[Recorded information]
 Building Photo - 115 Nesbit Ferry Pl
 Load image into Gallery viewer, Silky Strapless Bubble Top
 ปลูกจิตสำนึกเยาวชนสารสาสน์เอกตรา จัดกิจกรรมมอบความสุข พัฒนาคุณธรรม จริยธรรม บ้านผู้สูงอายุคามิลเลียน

[Action item] Print out the full listing above, word for word.

[Response to the exercise]
 Building Photo - 115 Nesbit Ferry Pl
 Load image into Gallery viewer, Silky Strapless Bubble Top
 ปลูกจิตสำนึกเยาวชนสารสาสน์เอกตรา จัดกิจกรรมมอบความสุข พัฒนาคุณธรรม จริยธรรม บ้านผู้สูงอายุคามิลเลียน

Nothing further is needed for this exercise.